Now, to focus on some specific lines –

He had never more strongly felt the urge to turn and walk away than he did now.

become
The urge to turn and walk away was as strong as it had ever been.

mainly because I thought “more strongly” was clunky and ugly, plus I wanted “the urge to turn and walk away” to come at the beginning as the subject. While this is a passive structure, I don’t really care at this point. Chances are in the second revision it’ll end up as “Paul felt the urge to turn and walk away”, but one thing at a time. For now it’ll do.

The Tube Riders had been forced on the run by the DCA and the Huntsmen but none of it had been a personal choice, they had done only what they needed to do to survive.


became

The Tube Riders had been forced to go on the run by the Department of Civil Affairs, and they had done only what they needed to do to survive.

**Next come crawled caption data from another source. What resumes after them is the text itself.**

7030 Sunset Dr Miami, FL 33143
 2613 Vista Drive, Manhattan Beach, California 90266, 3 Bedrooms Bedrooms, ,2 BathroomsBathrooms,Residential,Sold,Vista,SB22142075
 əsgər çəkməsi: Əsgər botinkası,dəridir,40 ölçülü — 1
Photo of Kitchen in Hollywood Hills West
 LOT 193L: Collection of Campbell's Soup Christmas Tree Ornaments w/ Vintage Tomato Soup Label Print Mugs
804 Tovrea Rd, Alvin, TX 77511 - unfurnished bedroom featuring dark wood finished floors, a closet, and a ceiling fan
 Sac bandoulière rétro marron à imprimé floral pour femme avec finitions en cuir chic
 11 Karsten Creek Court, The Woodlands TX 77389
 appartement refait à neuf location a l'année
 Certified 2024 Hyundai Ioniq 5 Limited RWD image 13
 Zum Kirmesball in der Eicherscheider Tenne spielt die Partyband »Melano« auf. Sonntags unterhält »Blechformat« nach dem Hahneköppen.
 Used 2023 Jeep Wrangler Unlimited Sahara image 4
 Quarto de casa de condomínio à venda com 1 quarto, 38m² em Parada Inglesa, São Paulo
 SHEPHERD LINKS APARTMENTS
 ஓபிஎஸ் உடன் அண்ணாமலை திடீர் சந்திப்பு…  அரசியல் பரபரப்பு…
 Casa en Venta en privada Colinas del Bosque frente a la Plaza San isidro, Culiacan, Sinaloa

For a number of reasons. I changed “on the run” to “go on the run” to make it clearer, but this again may revert in the next draft. I haven’t decided yet. I changed the DCA from the abbreviation because I wanted it to have more impact than just the three letters, while I cut “and the Huntsmen” because it was inaccurate – in book one the Huntsmen are sent after the Tube Riders after they go on the run, they aren’t a cause. And I cut “but none of it …” because it was kind of obvious anyway and unnecessary here.

In the last section,

What he wanted to do now was forget everything, find his brother and keep running, keep heading south, heading away from all this. Europe was a big place, one that by all accounts was at peace, so if they could avoid the French army long enough they would surely find somewhere to shelter them, away from the Huntsmen’s reach.

I made a few more changes, to make it like this –

What he wanted to do now was forget everything, find his brother and keep running, keep heading south. Europe was a big place, and one that Lionel had told him was at peace, so if they could avoid the French army long enough they would surely find somewhere to hide, away from the Huntsmen’s reach.

I cut “heading away from all this”, because I felt it was repetitive, and didn’t add anything new to the previous clause. I changed “by all accounts” to “Lionel had told him” because I felt that “by all accounts” was clichéd and vague. (Lionel, btw, is a relatively minor character in part 2).

So there you have it. The second paragraph is far from perfect but it's a big improvement on the first. This is just an example of the kind of things I think about when I revise. My books usually get two to three revisions before I start thinking about sending them to other people. Some paragraphs will survive intact, others are completely overhauled, and some are cut completely.

I hope you find this information useful. As always, any comments are welcome.